Qué cubre un seguro de vida

Seguro de Vida

El seguro de vida es un seguro personal que cubre fundamentalmente el riesgo de fallecimiento pero también permite distintas modalidades que además de ampliar las coberturas pueden convertirlos en excelentes productos de ahorro e inversión. Pero centrándonos en su fin más universal, la garantía fundamental de un seguro de vida es el fallecimiento por cualquier causa, por la que el asegurador se compromete al pago del capital estipulado en la póliza en caso de muerte del asegurado con independencia de la causa y tan sólo teniendo en cuenta las exclusiones estipuladas en el contrato como pueden ser el suicidio o la práctica de deportes extremos.

Coberturas complementarias

Pero más allá de esta cobertura principal, muchas pólizas incluyen garantías complementarias, que pueden ser muy interesantes tanto por las necesidades específicas del asegurado como para tener una mayor tranquilidad para nosotros y nuestra familia: 

  • Incapacidad permanente y absoluta. Por incapacidad permanente y absoluta, derivada de enfermedad física o mental, que impida la realización de una actividad profesional, se recibe el capital contratado. Es una garantía muy importante ya que en esta circunstancia suelen confluir por un lado menores ingresos (la pensión por estos supuestos suelen suponer una reducción muy importante en la remuneración mensual)  a la vez que aumentan los gastos por los mayores cuidados requeridos.
  • Enfermedad grave: Tales como cáncer de mama o de próstata diagnosticados tras la contratación del seguro y que suelen requerir de un mayor esfuerzo económico. Recibir un capital para cubrir estas necesidades  es una ayuda muy importante para afrontar una situación complicada.
  • Anticipo de gastos: De todo tipo, desde si sucede el fallecimiento en el extranjero como para el pago del impuesto de sucesiones.
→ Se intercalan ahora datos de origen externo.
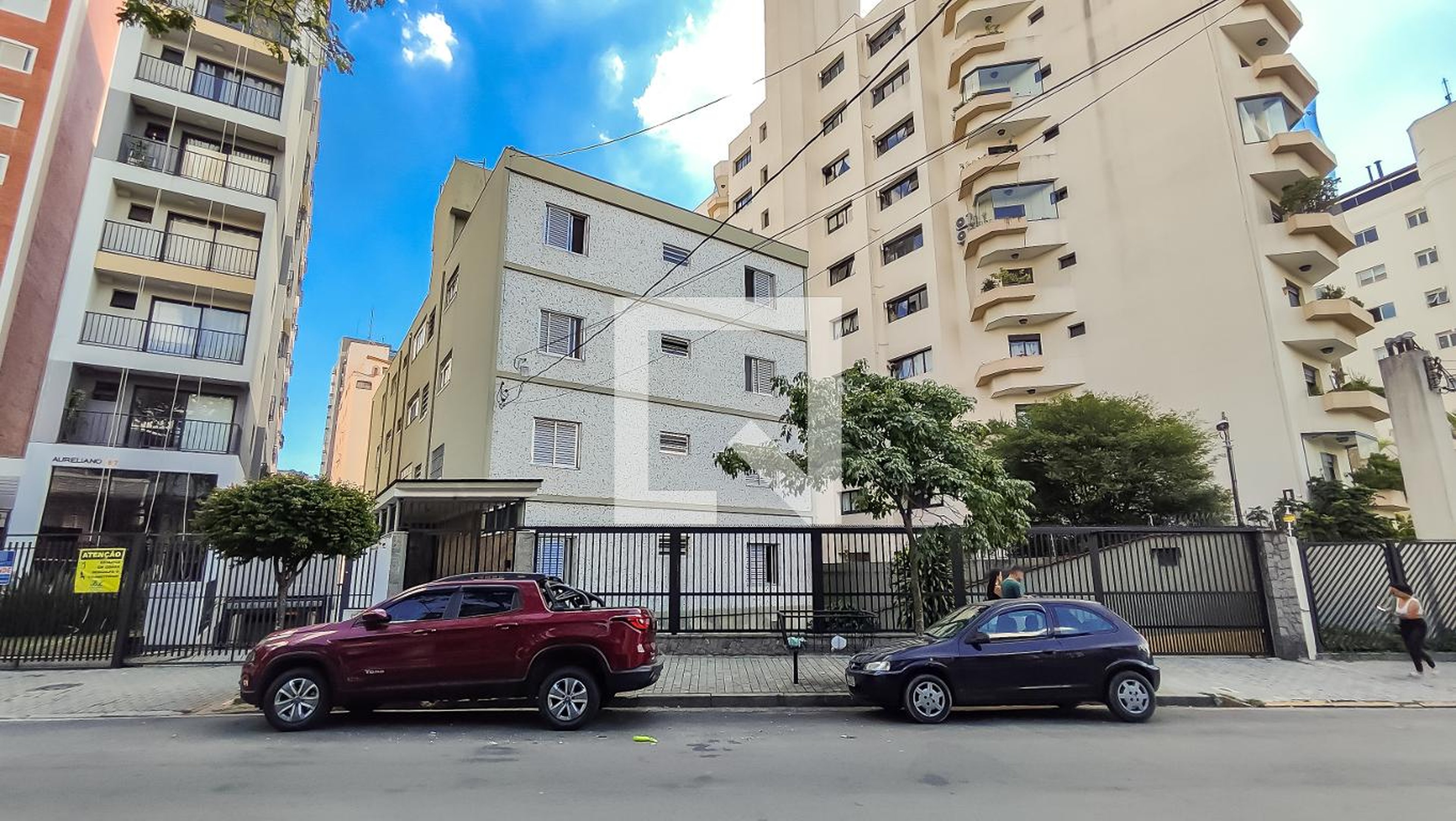 Fachada do Prédio Edifício Cantareira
No hay que olvidar  que la percepción de dinero por parte de los beneficiarios de un seguro de vida como consecuencia de la muerte de la persona asegurada, está sujeta al Impuesto de Sucesiones y Donaciones. La cantidad recibida por el beneficiario se ha de acumular al valor de los bienes y derechos que formen parte de su parte en la herencia y las entidades aseguradoras no pueden hacer efectivo el pago de la póliza si no se justifica haber presentado a liquidación la documentación correspondiente o haber ya autoliquidado el impuesto.
  • Accidentes de acompañante: En el caso de accidente de tráfico, la cobertura la tenemos garantizada como por cualquier fallecimiento, pero el problema se multiplica si en el mismo fallece nuestro cónyuge y este no tiene seguro de vida propio. Incluir este tipo de cobertura es muy económico (supone una mínima subida mínima en la prima) y nos proporciona una tranquilidad adicional.
  • Otras coberturas adicionales: Tras el fallecimiento los familiares se encuentran con el problema de afrontar una situación difícil a la vez que se les requiere la realización de toda una serie de trámites (certificados, tramitación de pensiones, impuestos…) complicados. Recibir ayuda tanto en lo personal (tratamiento psicológico) como en lo profesional (ayuda o asesoramiento en los trámites pendientes) es un punto muy importante a valorar a la hora de contratar nuestro seguro de vida.

Analizar el coste y las coberturas nos permitirá configurar nuestro seguro acorde a nuestras necesidades.